Alles in allem geben die Beiträge ein umfassendes Bild von Geschichte und Kunst des ehemaligen Klosters wie auch der heutigen katholischen Gemeinde – letzteres insbesondere durch die Kurzbeiträge im Anschluss an den wissenschaftlichen Teil, auf die hier nicht weiter eingegangen werden soll. Allerdings hätten einige Aspekte durchaus eine vertiefte Betrachtung verdient. So hätten beispielsweise die archäologischen Untersuchungen auf dem Jostberg, die im Beitrag von Zozmann zumindest erwähnt werden, in einem eigenen Aufsatz genauer ausgeführt werden können. Dasselbe gilt für das Verhältnis zwischen der katholischen „Insel“ St. Jodokus und den innerstädtischen evangelischen Stadtkirchen seit der Reformation, das in den Beiträgen leider nur am Rande thematisiert wird.

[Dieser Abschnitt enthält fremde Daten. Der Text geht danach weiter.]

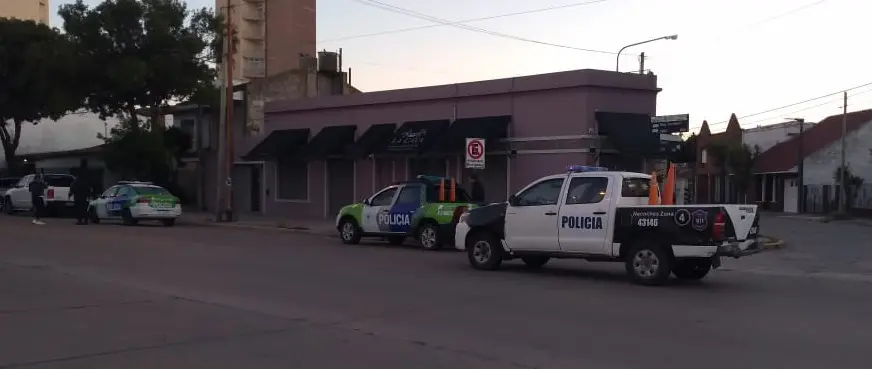Un policía con heridas graves tras forcejear con delincuentes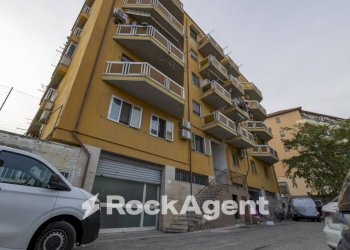 Facciata - Quadrilocale viale Cassiodoro, 279, Catanzaro - foto 1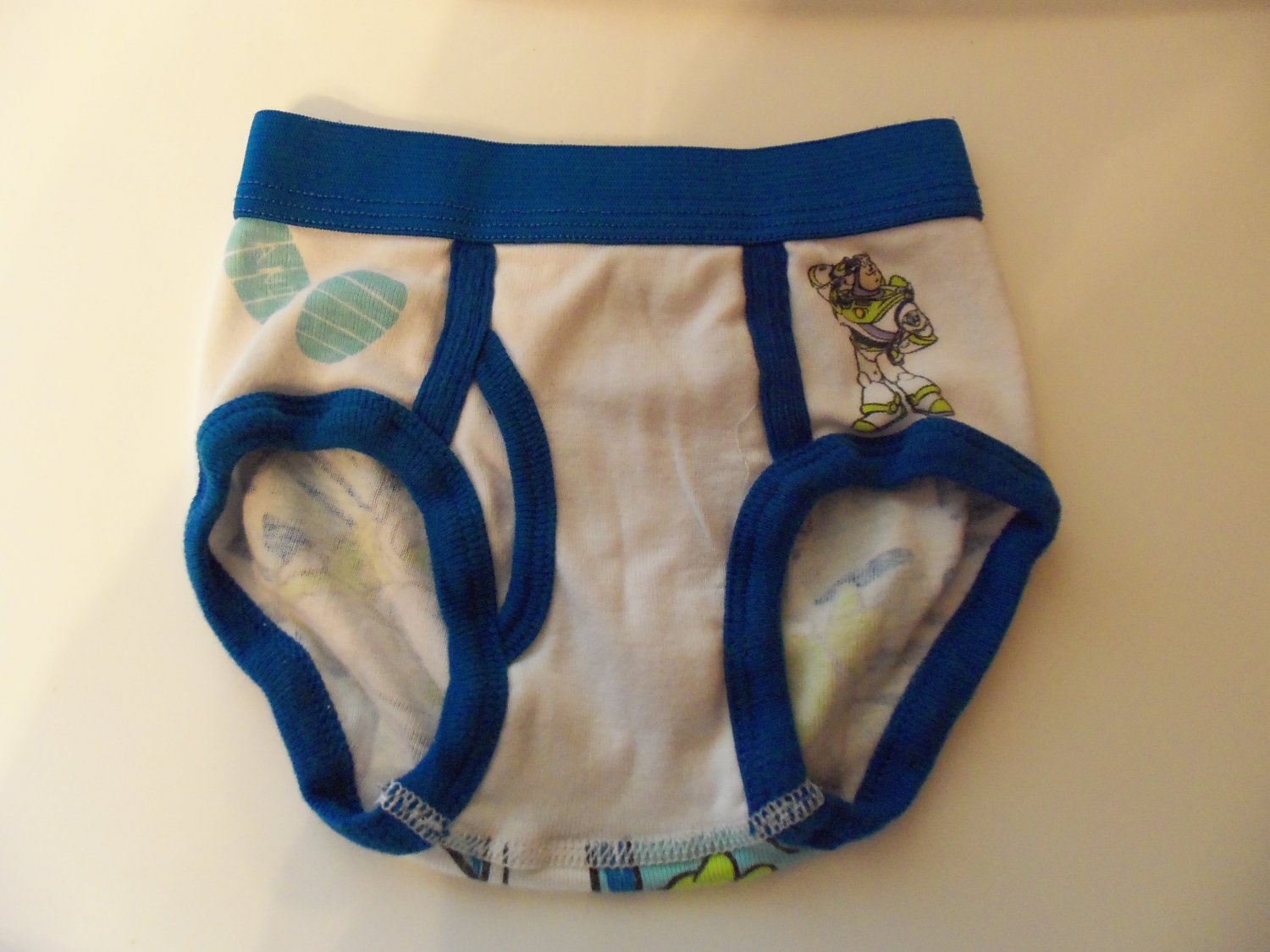 Boy's Buzz Lightyear Preowned Underwear Toddler 2T/3T locationw9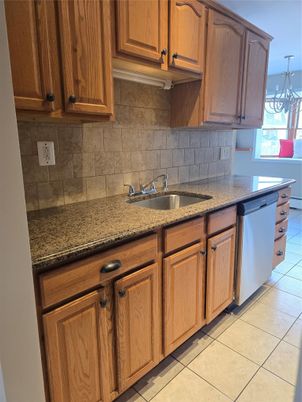 Chandelier, Interior, Kitchen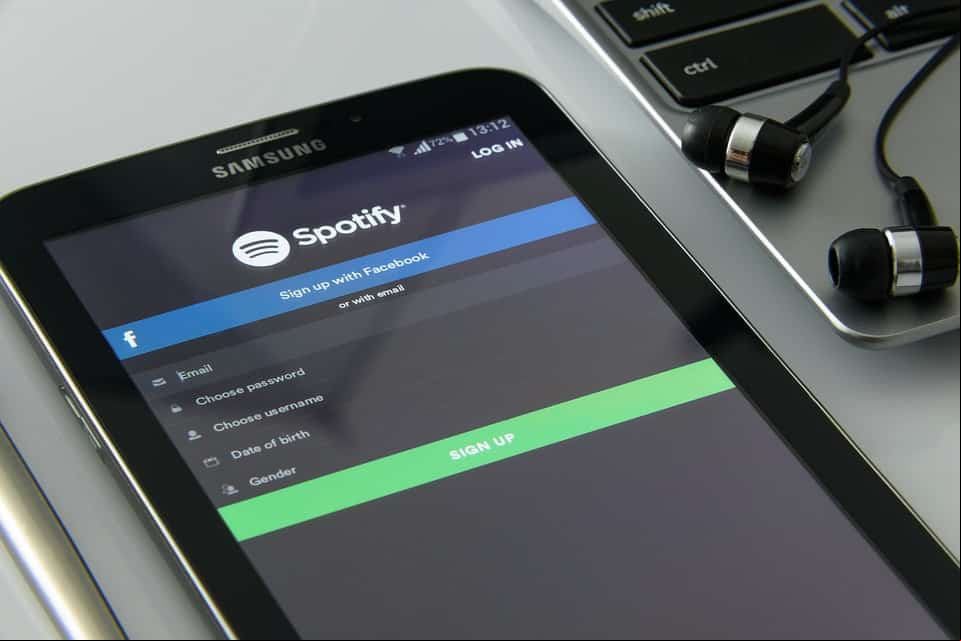 La app Spotify imita la radio con lista de reproducción para conductores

Nichtsdestotrotz ist der durch den Bielefelder Verlag für Regionalgeschichte aufwendig gestaltete Band eine Bereicherung für die Bielefelder Stadt- und die westfälische Regionalgeschichte ebenso wie für die vergleichende lokale Kirchengeschichtsschreibung. Lobend erwähnt sei hier auch die hohe Qualität der zahlreichen Abbildungen, welche die Texte perfekt ergänzen. Es ist zu hoffen, dass auch in Zukunft weiterhin solche Bände erscheinen können, die sowohl den Fachwissenschaftler wie auch den interessierten Laien gleichermaßen ansprechen.